The Worst Person in the World director Joachim Trier and Renate Reinsve, with her best-actress award, at the Cannes Film Festival last July.

Reinsve was considering quitting acting for carpentry when Trier sent her the script, which he and Eskil Vogt had written for her. Eleven years ago, the screenwriting partners had given her two lines in Trier’s Oslo, August 31st, so she wasn’t about to say, “No thanks, I’m working on some joists.”

Reinsve turns 30 in a scene from the film.

A seasoned theater-and-television performer, Reinsve is revelatory in her first lead film role, as Julie, a middle-class Osloite—smart, passionate, droll, capable of cruelty—who enters her 30s not knowing who she is, what she wants to do, or how to accept love.

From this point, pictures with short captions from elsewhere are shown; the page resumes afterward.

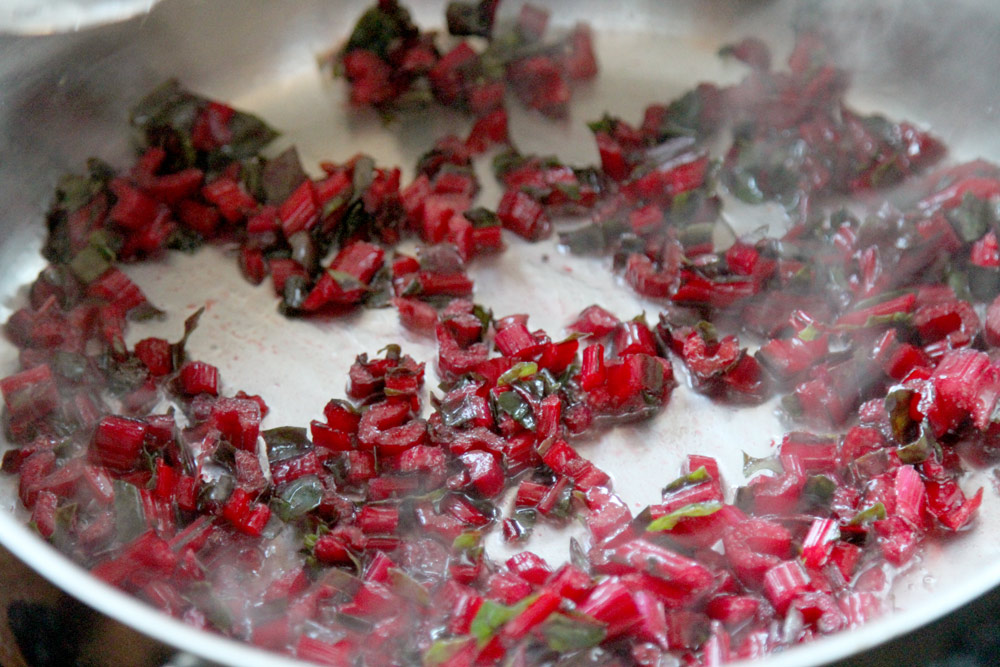 Saute stems with garlic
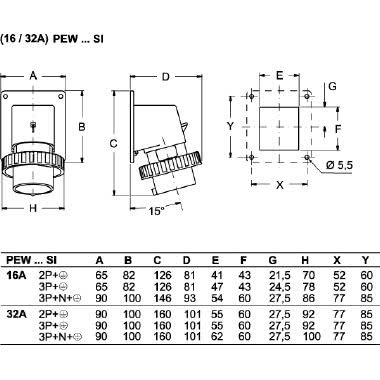 spina da incasso, serie PLUSO, 2 poli + PE, 6 h (blu), 16 A, 200 ÷ 250 V product photo Photo 02 3XL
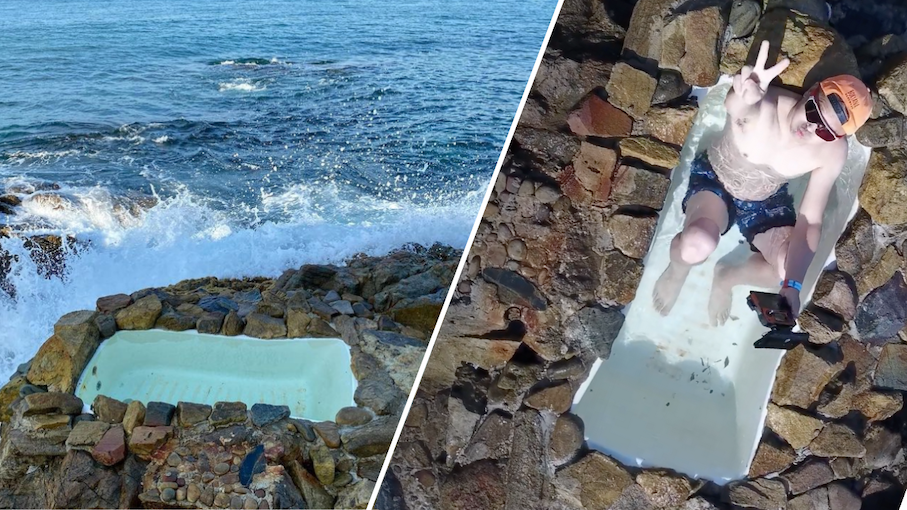It remains a mystery as to who embedded the bathtub into the weathered cliff in Little Palm Beach, Sai Kung. Photo: Instagram/lightgraycoffee and YouTube/Wing Chu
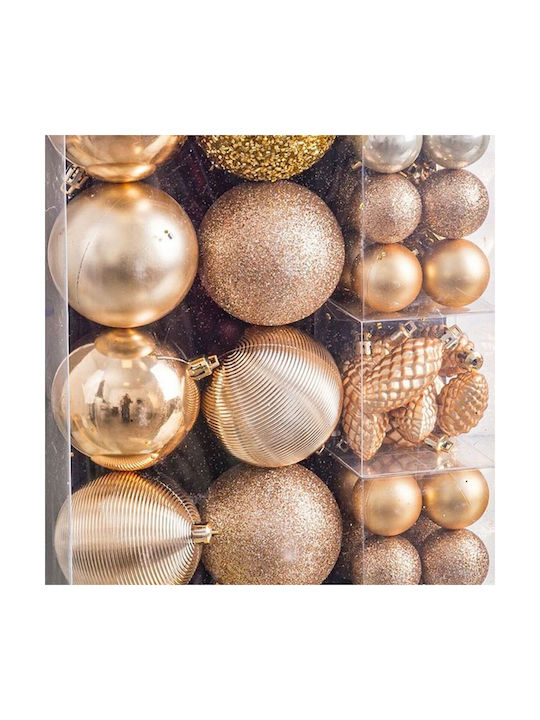 BigBuy Christmas Ball Ornament Gold 50pcs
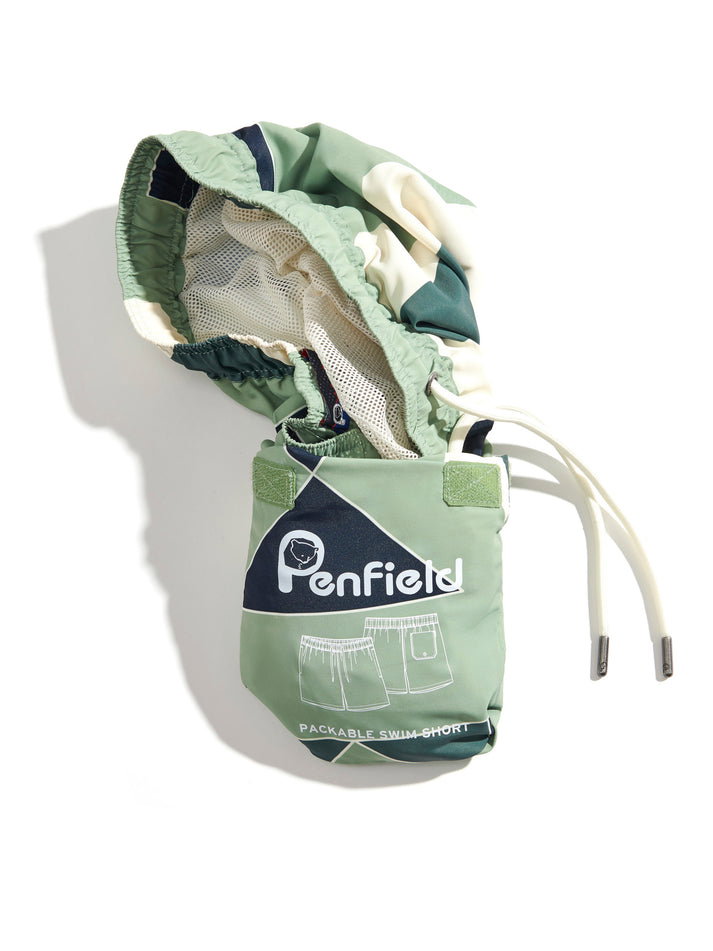 Eldridge Print Packable Swim Shorts in Mistletoe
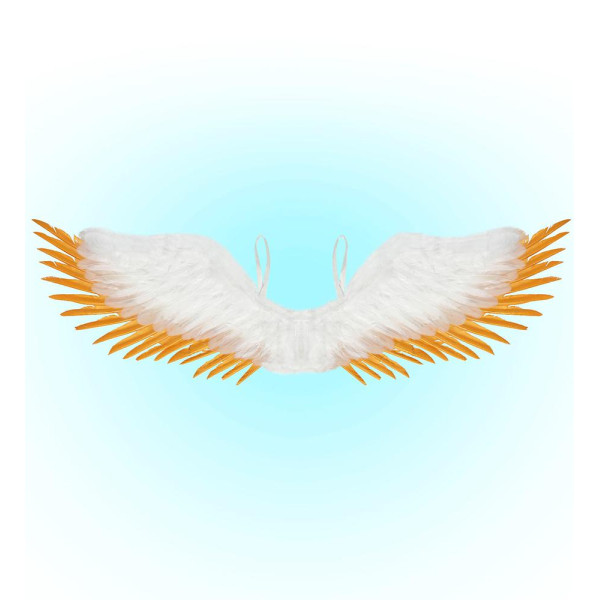 Alas de Plumas de color Blanco y Oro de 100 x 25 Centímetros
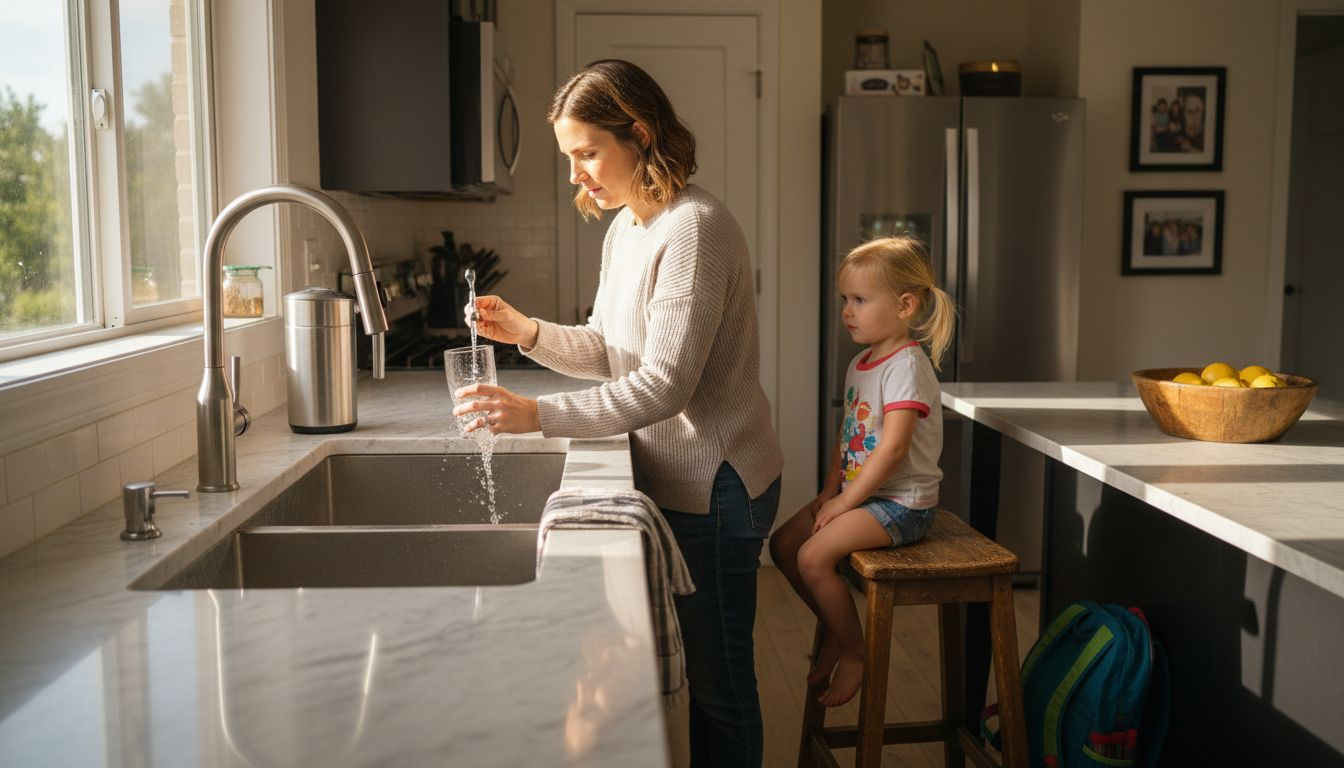 Family filling glass with water at kitchen sink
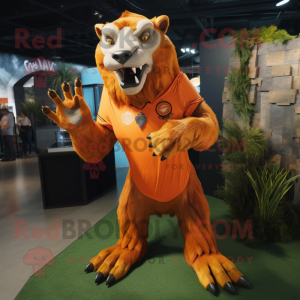 Orange Smilodon maskot...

Like many a millennial deluged with choices, she decides that being a physician, psychologist, or photographer wouldn’t satisfy her, so she gets a job at a bookstore. She also falls for Aksel (Anders Danielsen Lie), a fortysomething graphic novelist, then for Eivind (Herbert Nordrum), a barista her own age. It takes a tragedy to ground Julie emotionally and professionally—not that the movie moralizes about her.

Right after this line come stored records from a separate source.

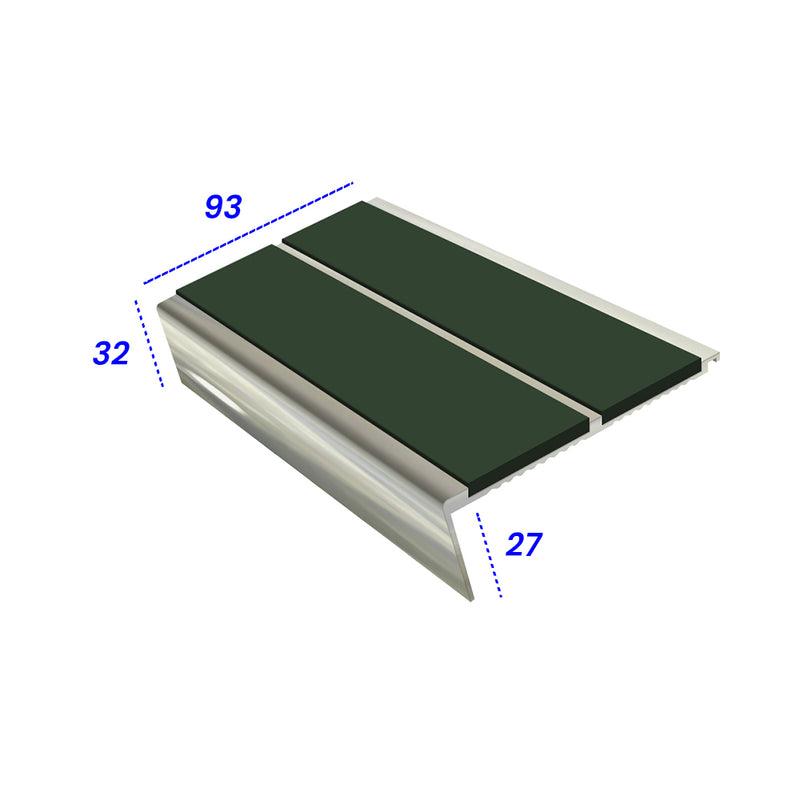 Heavy Duty Rake Back Aluminium Stair Nosing 3.22m Double Channel Profile Slip-Resistant Inserts Ideal for Carpets & Smooth Flooring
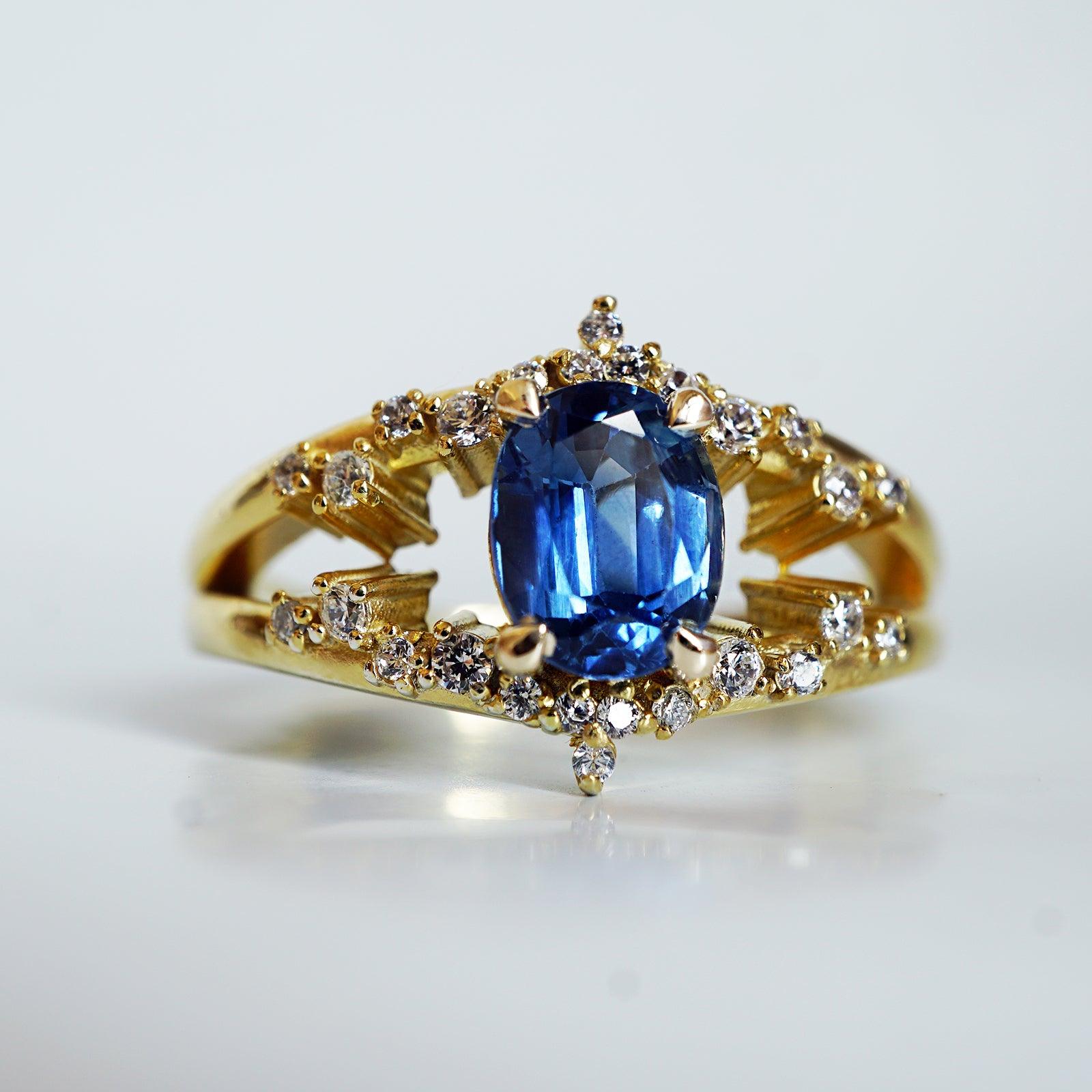 Celestial Blue Sapphire Diamond Ring in 14K and 18K Gold - Tippy Taste Jewelry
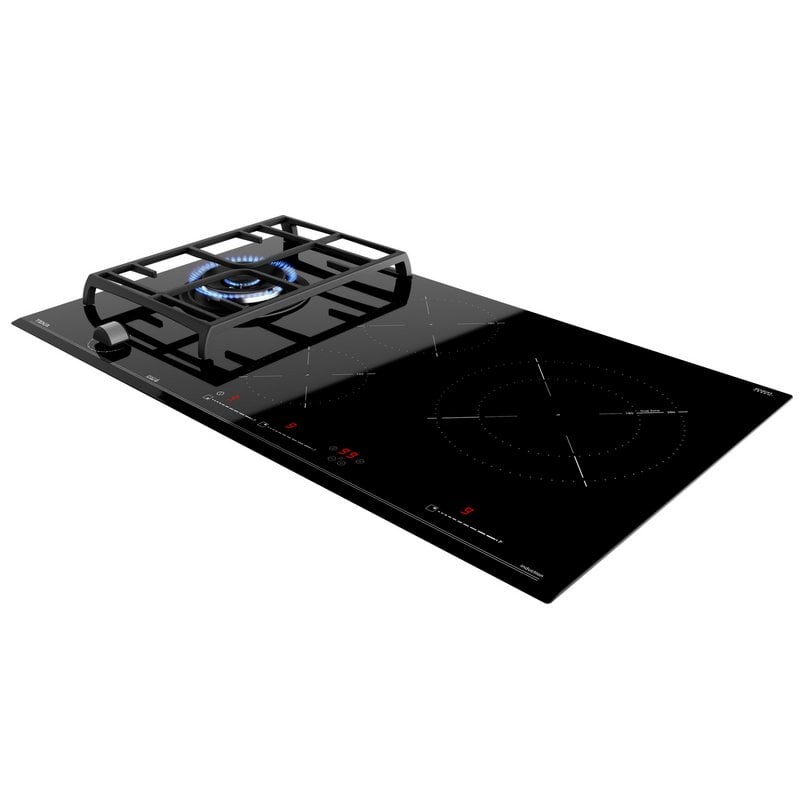 Detalle de Teka JZC 94313 ABN Hybrid: placa mixta gas + inducción de 90 cm negra
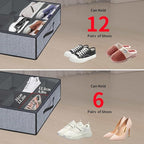 Onlyeasy Large Under Bed Shoe Organizer (6 to 12 Pairs x 2) - Underbed Shoes Closet Storage Solution with Metal Zipper and 2 Handles, Breathable, 29.3"x23.6"x5.9", Linen-like Grey, MXDUBSB2P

In the sequence that sums up Julie best, she ducks out of Aksel’s book-signing party and finds herself weeping, struck by the sense she’s a stranger to herself. At the wedding reception that she gate-crashes minutes later, she orchestrates a chaste, night-long flirtation with Eivind, at one point sniffing his armpit and at another peeing in front of him. Reinsve makes Julie’s transition from melancholy to mischief-making so natural that her embrace of contradictions is unremarkable.

Reinsve is still getting used to her newfound fame.

“She stands on top of the hill and looks on her life down there in the city, and I don’t think she realizes she’s sad before tears suddenly pop out of her eyes,” Reinsve says. “But she doesn’t want to go into what that means for her, so I think on a deeper level it’s more existential. She’s in a really good relationship, and she knows that, so she sneaks into a wedding to destroy her life a little bit by flirting with another guy.” Reinsve laughs. “I don’t think she knows what she’s doing.”

Later on, Julie bites Eivind’s behind. “That was in the script,” Reinsve says demurely.

“The same time Julie was sad, she was happy,” Reinsve continues. “And she felt ugly, beautiful, and charming at the same time. I felt very at home being inside all of that together—not being able to accept herself, feeling she’s the worst person in the world.”